Welcome to Foundation of Data Science Laboratory
Welcome to Foundation of Data Science Laboratory
Create a DataFrame with Some Outliers
Identify Outliers Using the Z-score Method
Remove the Outliers
Display the Cleaned DataFrame
import pandas as pd
import numpy as np
from scipy import stats
# Step 1: Create a DataFrame with some outliers
data = {
'A': [10, 12, 13, 14, 15, 100, 16, 17, 18, 19], # 100 is an outlier
'B': [20, 22, 23, 24, 25, 30, 26, 27, 28, 29] # No outliers here
}
df = pd.DataFrame(data)
# Step 2: Identify outliers using the Z-score method
# Calculate Z-scores for each column
z_scores = np.abs(stats.zscore(df))
# Set a threshold for identifying outliers
threshold = 2 # You can adjust this value
outliers = (z_scores > threshold).any(axis=1)
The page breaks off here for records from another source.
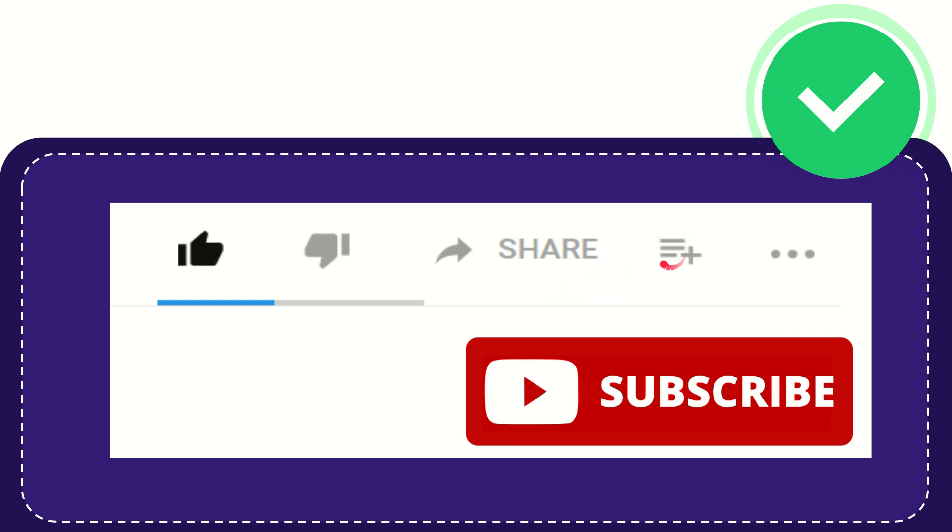And if you want to add this video to your playlist, you can click this one. You can watch this video later and you can find more options by clicking these three dots.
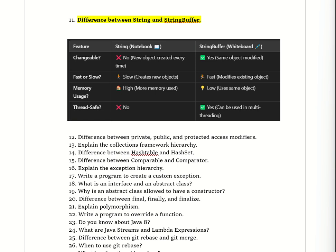StringBuffer is like a whiteboard — we can erase and rewrite on it as many times as we want without needing a new board, meaning there is no need to create a new object. In Java, String is immutable, which means once we create a String we cannot change it. StringBuffer is mutable, so we can modify it without creating a new object.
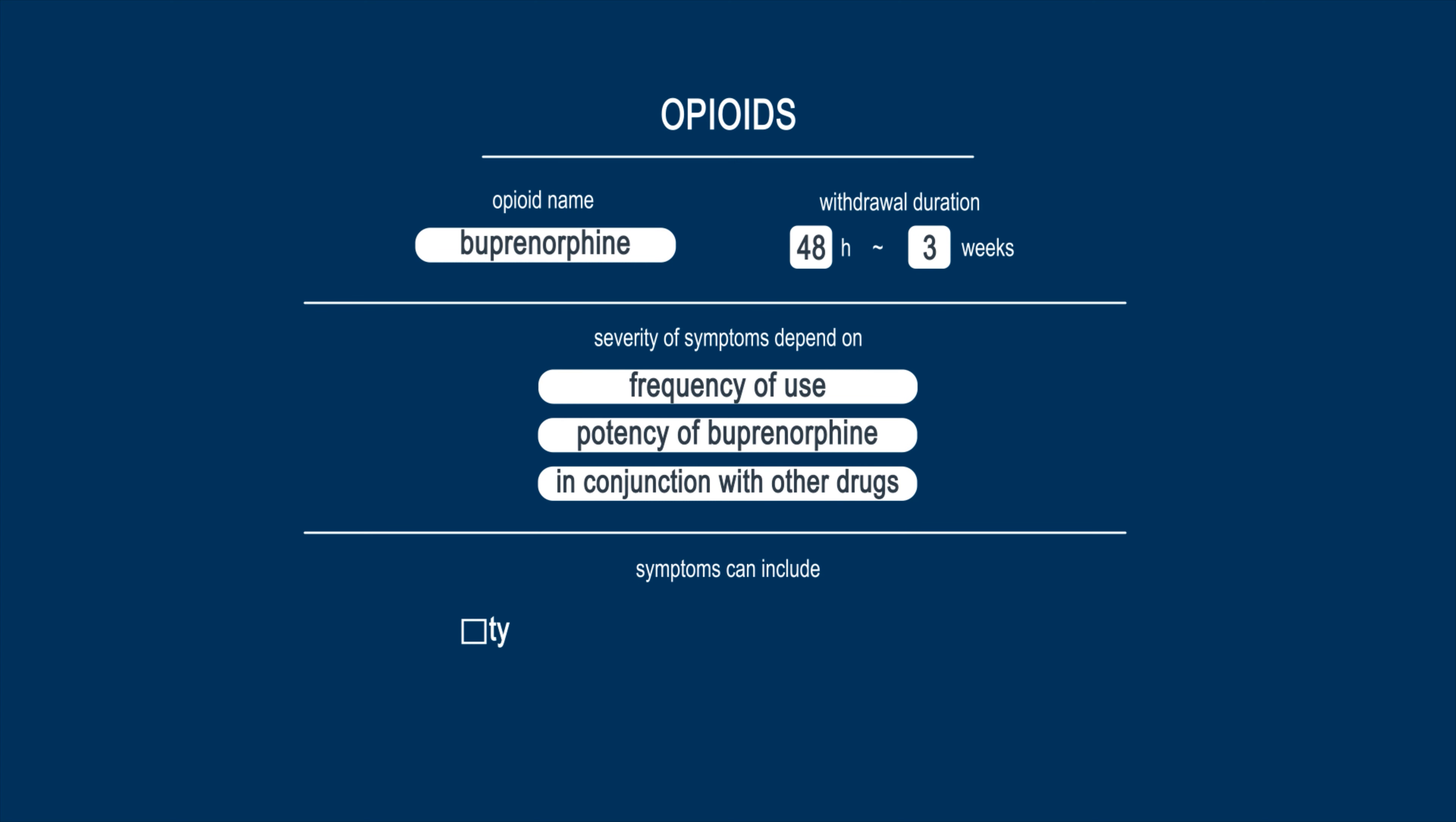Withdrawal symptoms can include anxiety, nausea, fever, and chills. Psychological symptoms such as depression or mood swings may persist well beyond a week.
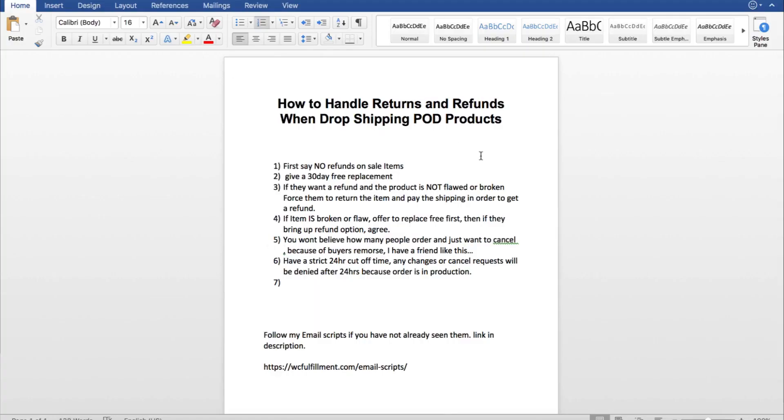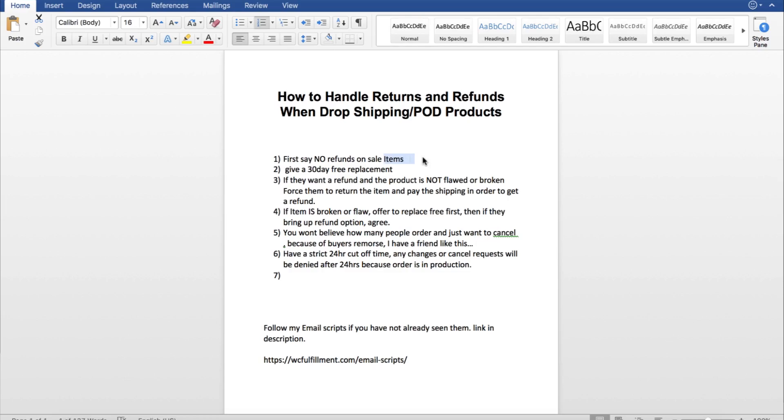How do you handle refunds and returns for drop shipping and print on demand products? The first thing I say right in my terms of service and in the description of my products: no refunds on sale items. I use the compare price on Shopify and make everything a sale price. This doesn't necessarily mean I'm not gonna give a refund — this just prevents more refunds because people will read that and be like, okay, they're not gonna give me one anyway, so I'm not gonna ask.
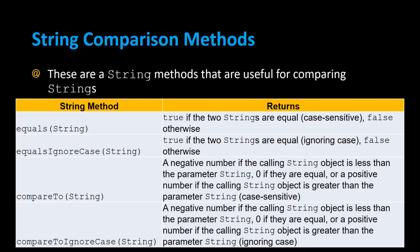String comparison methods are useful for comparing strings and those include the equals method that returns true if two strings are equal and this is case sensitive. There's the equals ignore case method which returns true if two strings are equal ignoring the case.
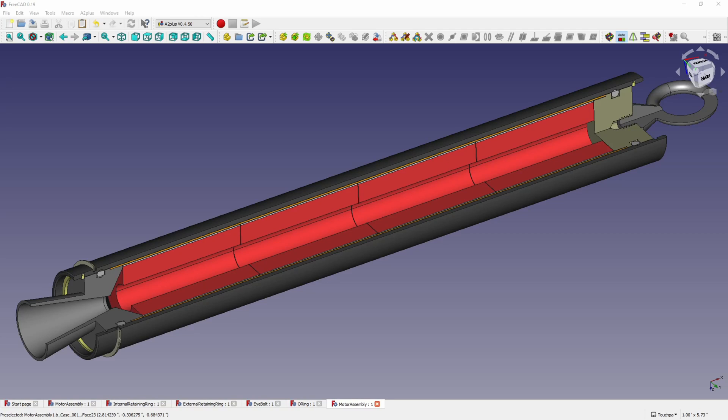Okay folks, welcome to Minute Rockets. In this series we're going to be designing and building a solid propellant rocket motor from scratch and I'm going to show you the design and all the processes that go into it from start to finish and at the end we'll fire the motor and see if it works.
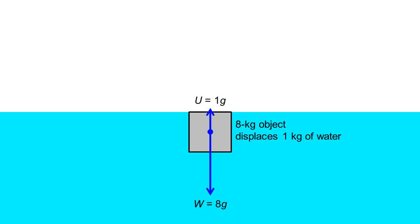Since upthrust is equal to the weight of fluid displaced, this 8 kg solid iron block can at most generate 1 kg worth of upthrust. No wonder a solid iron ball sinks in water.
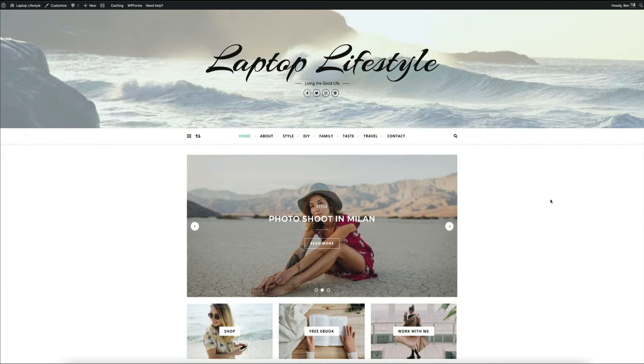Hey, what's up? Ben here from blogwithben.com, and welcome to the lifestyle blog tutorial. In this video, I'm going to show you step-by-step how to build, grow, and monetize your very own self-hosted WordPress blog. Specifically, we'll be creating a lifestyle blog using the free WordPress theme called Bard.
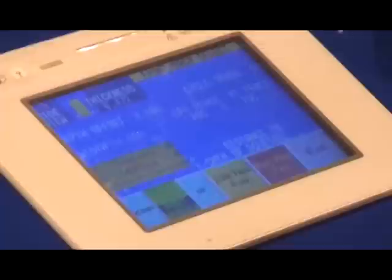Once the values are set, we're ready to run the part. By pressing run this part, the machine will set up.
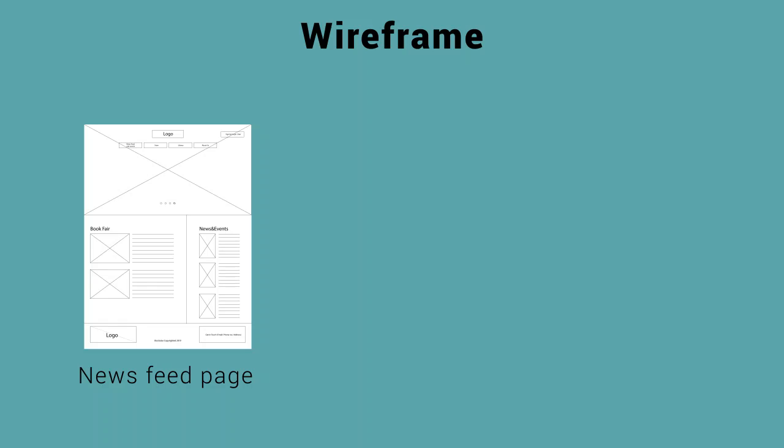The header for the store page is similar to the home page, but for the store page there will be a banner for top selling books and the target feature in the store page is to show you what you want to buy for your book collection.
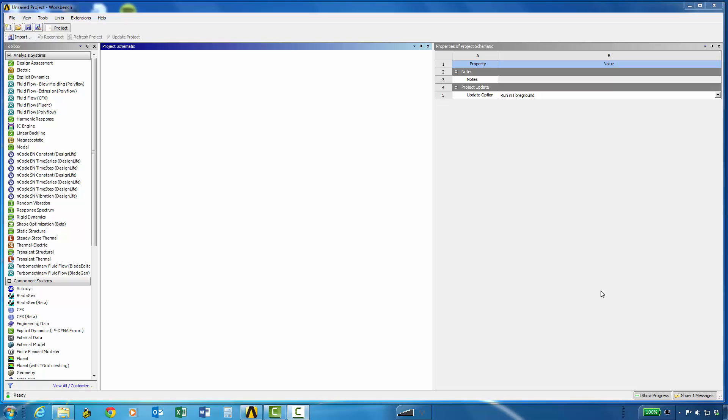In this example we will create a static structural analysis of a thick cylinder pressure vessel.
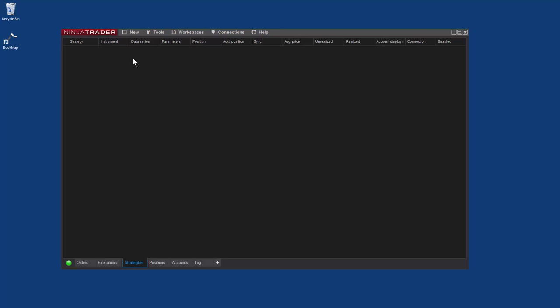We'll assume that you have NinjaTrader and Bookmap already installed, and your NinjaTrader is connected to the live markets. For this demo, I have already opened NinjaTrader.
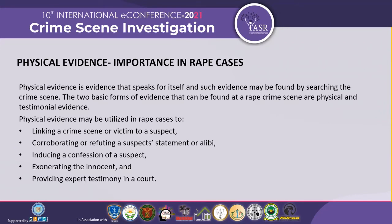Physical evidence is evidence that speaks for itself, and such evidence may be found by searching the crime scene. It can help in rape cases to link the criminal with the victim or to the suspect, and it can also be used to corroborate or refute the suspect's statement or plea of alibi — that he was present somewhere else. It has been successfully used, not particularly in India, but in other developed countries, for exonerating innocent persons.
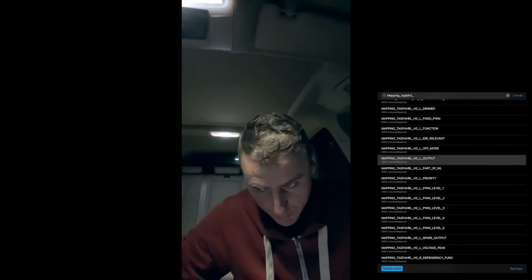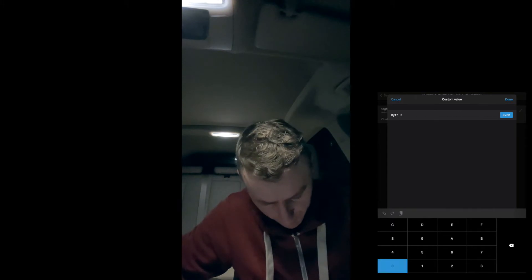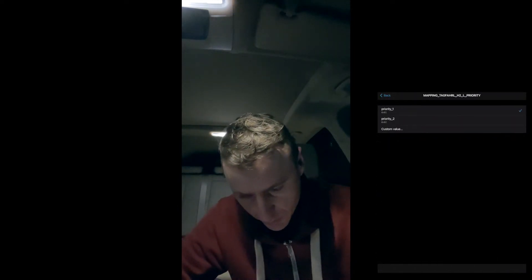H2_L_output should be set to SL_2_L, which is already set for my car. Then find H2_L_function and set a custom value of 06, press Done, go back. Then go into H2_L_priority and set it to priority 1, which is already set for my car.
# Step 3: Remove the outliers
cleaned_df = df[~outliers]
# Step 4: Display the cleaned DataFrame
print("Original DataFrame:")
print(df)
print("\nCleaned DataFrame:")
print(cleaned_df)
Original DataFrame:
A B
0 10 20
1 12 22
2 13 23
3 14 24
4 15 25
5 100 30
6 16 26
7 17 27
8 18 28
9 19 29
Cleaned DataFrame:
A B
0 10 20
1 12 22
2 13 23
3 14 24
4 15 25
6 16 26
7 17 27
8 18 28
9 19 29
Creating the DataFrame:
A DataFrame df is created with a column A containing an outlier (100) and a column B with normal values.
Calculating Z-scores:
The Z-score for each value in the DataFrame is calculated using scipy.stats.zscore.
np.abs(stats.zscore(df)) gives the absolute Z-scores.
Identifying Outliers:
Outliers are identified by checking if any Z-score in a row exceeds the threshold. Rows where this is true are marked as outliers.
Removing Outliers:
The DataFrame is filtered to exclude rows identified as outliers.
Displaying Data:
The original and cleaned DataFrames are displayed.